▶ **Assigned task**: Pictures in the listing should not be copied. Reproduce, word for word, each line from the one holding "한동수(왼쪽부터) 전 대검찰청" through the final line.

▶ **Collected material**:
+++

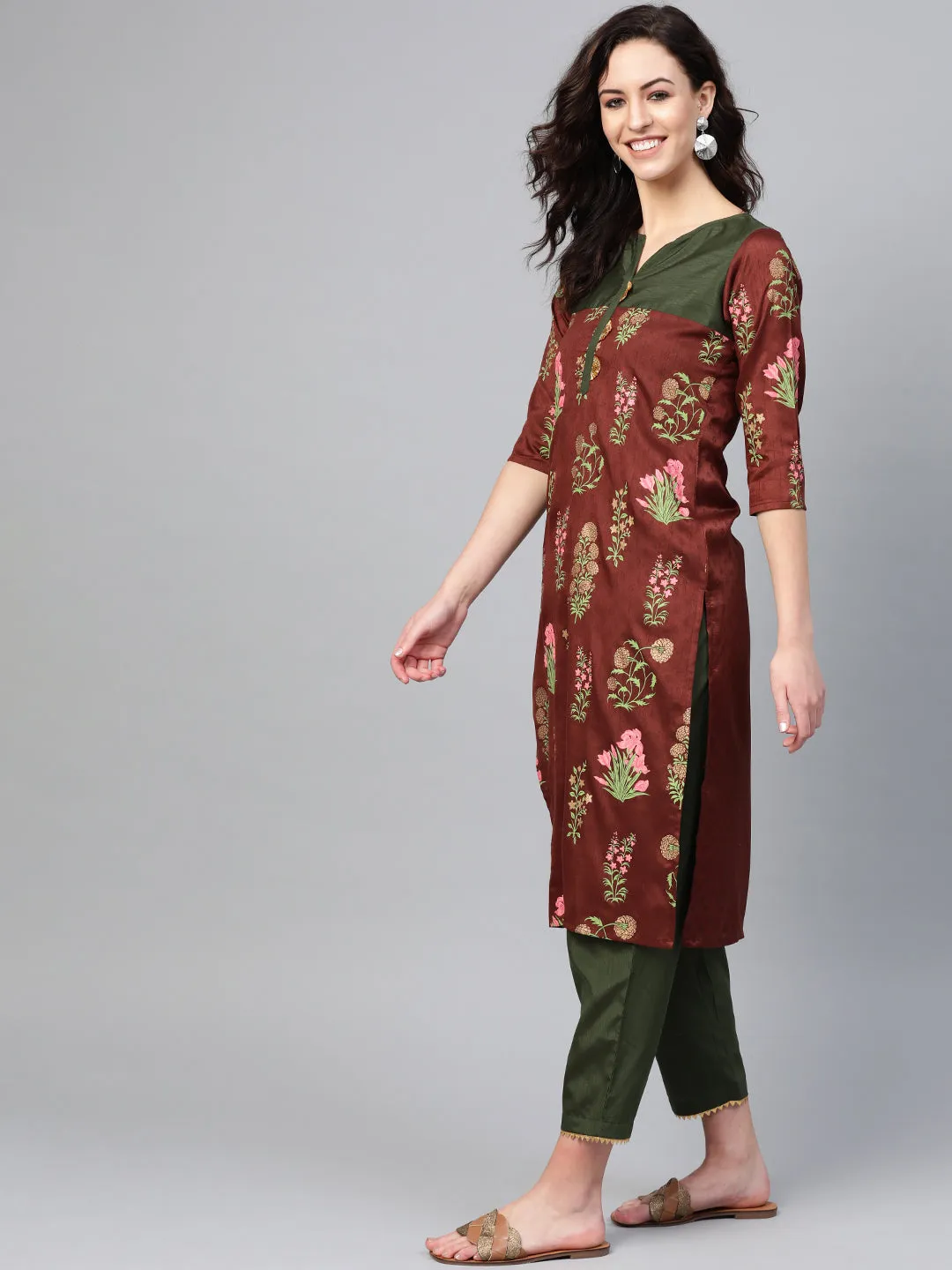 Brown & Olive Green Printed Kurta with Palazzo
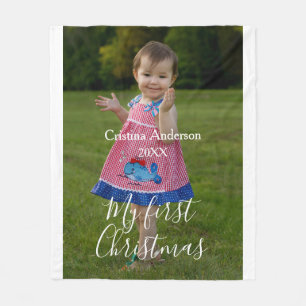 Cobertor De Velo meu primeiro nome de foto da menina de Natal, ano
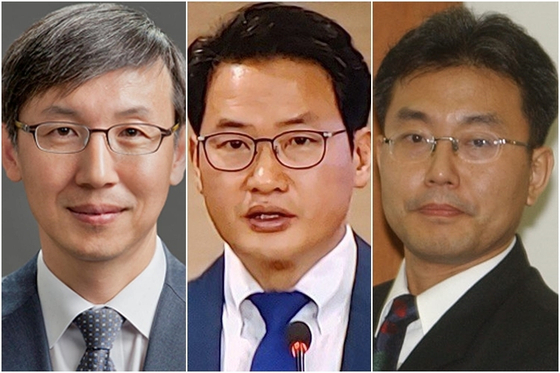 한동수(왼쪽부터) 전 대검찰청 감찰부장, 심재철 전 법무부 검찰국장, 이명현 전 국방부 검찰단 고등검찰부장. 연합뉴스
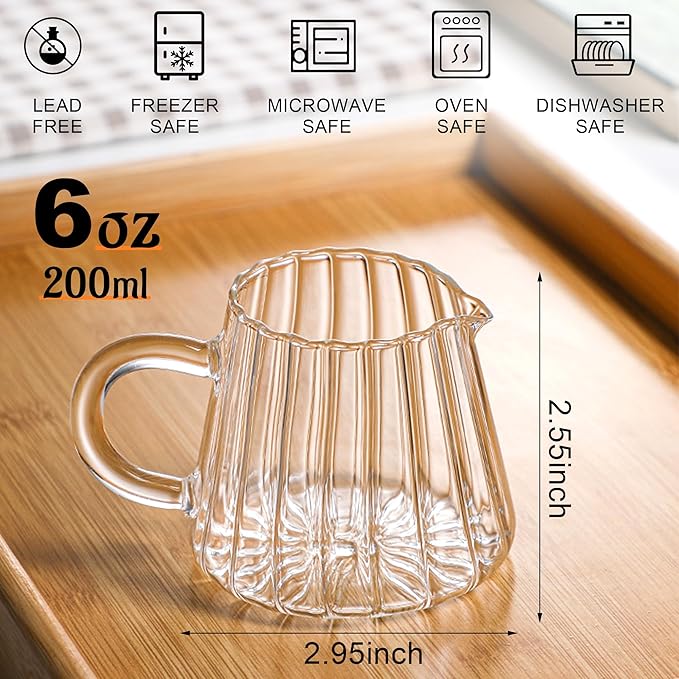 Loscarol 2 Pcs Small Glass Pitcher - Elegant Wave Shaped Creamer Pitcher for Coffee, Milk, Tea, 6 oz Milk Frothing Cup Creamer Jug for Kitchen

+++

▶ **Exercise result**:
 한동수(왼쪽부터) 전 대검찰청 감찰부장, 심재철 전 법무부 검찰국장, 이명현 전 국방부 검찰단 고등검찰부장. 연합뉴스
 Loscarol 2 Pcs Small Glass Pitcher - Elegant Wave Shaped Creamer Pitcher for Coffee, Milk, Tea, 6 oz Milk Frothing Cup Creamer Jug for Kitchen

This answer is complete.